From ade16d2f9cf161e5fd8333c13c66ec42163bfd88 Mon Sep 17 00:00:00 2001
From: Troy Raen <raen@ipac.caltech.edu>
Date: Thu, 16 May 2024 19:24:10 -0700
Subject: [PATCH 1/2] make ParquetReader.read use read_columns kwarg. add kwarg
 to init.

---
 src/hipscat_import/catalog/file_readers.py | 10 ++++++++--
 1 file changed, 8 insertions(+), 2 deletions(-)
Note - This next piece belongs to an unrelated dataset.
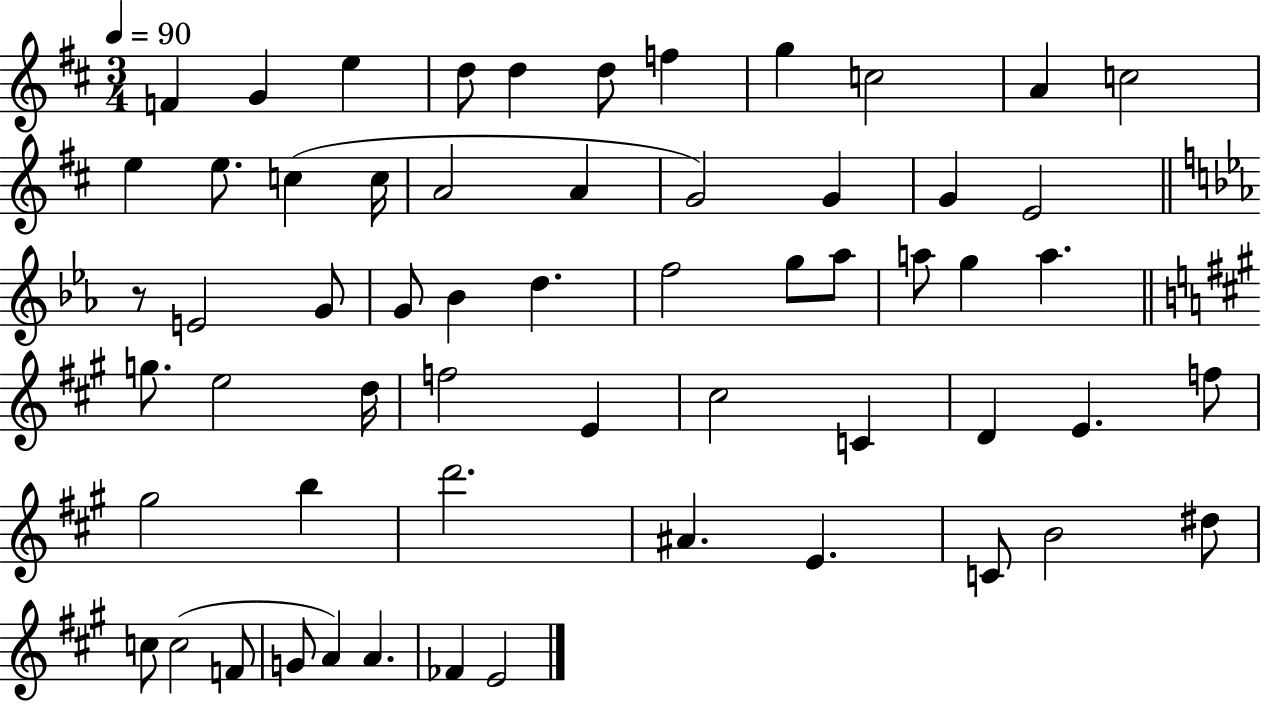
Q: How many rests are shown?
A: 1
diff --git a/src/hipscat_import/catalog/file_readers.py b/src/hipscat_import/catalog/file_readers.py
index af630e87..5a549737 100644
--- a/src/hipscat_import/catalog/file_readers.py
+++ b/src/hipscat_import/catalog/file_readers.py
@@ -291,18 +291,24 @@ class ParquetReader(InputReader):
         chunksize (int): number of rows of the file to process at once.
             For large files, this can prevent loading the entire file
             into memory at once.
+        column_names (list[str] or None): Names of columns to use from the input dataset.
+            If None, use all columns.
         kwargs: arguments to pass along to pyarrow.parquet.ParquetFile.
             See https://arrow.apache.org/docs/python/generated/pyarrow.parquet.ParquetFile.html
     """
 
-    def __init__(self, chunksize=500_000, **kwargs):
+    def __init__(self, chunksize=500_000, column_names=None, **kwargs):
         self.chunksize = chunksize
+        self.column_names = column_names
         self.kwargs = kwargs
 
     def read(self, input_file, read_columns=None):
         self.regular_file_exists(input_file, **self.kwargs)
+        columns = read_columns or self.column_names
         parquet_file = pq.ParquetFile(input_file, **self.kwargs)
-        for smaller_table in parquet_file.iter_batches(batch_size=self.chunksize, use_pandas_metadata=True):
+        for smaller_table in parquet_file.iter_batches(
+            batch_size=self.chunksize, columns=columns, use_pandas_metadata=True
+        ):
             yield smaller_table.to_pandas()
 
     def provenance_info(self) -> dict:

From d4acbfe98c7d40d6c29bd46ed19254495da1422e Mon Sep 17 00:00:00 2001
From: Troy Raen <raen@ipac.caltech.edu>
Date: Mon, 20 May 2024 12:15:39 -0700
Subject: [PATCH 2/2] add test_parquet_reader_columns

---
 tests/hipscat_import/catalog/test_file_readers.py | 13 +++++++++++++
 1 file changed, 13 insertions(+)

diff --git a/tests/hipscat_import/catalog/test_file_readers.py b/tests/hipscat_import/catalog/test_file_readers.py
index d7fd2a14..c7f76176 100644
--- a/tests/hipscat_import/catalog/test_file_readers.py
+++ b/tests/hipscat_import/catalog/test_file_readers.py
@@ -255,6 +255,19 @@ def test_parquet_reader_provenance_info(tmp_path, basic_catalog_info):
     io.write_provenance_info(catalog_base_dir, basic_catalog_info, provenance_info)
 
 
+def test_parquet_reader_columns(parquet_shards_shard_44_0):
+    """Verify we can read a subset of columns."""
+    column_subset = ["id", "dec"]
+
+    # test column_names class property
+    for frame in ParquetReader(column_names=column_subset).read(parquet_shards_shard_44_0):
+        assert set(frame.columns) == set(column_subset)
+
+    # test read_columns kwarg
+    for frame in ParquetReader().read(parquet_shards_shard_44_0, read_columns=column_subset):
+        assert set(frame.columns) == set(column_subset)
+
+
 def test_read_fits(formats_fits):
     """Success case - fits file that exists being read as fits"""
     total_chunks = 0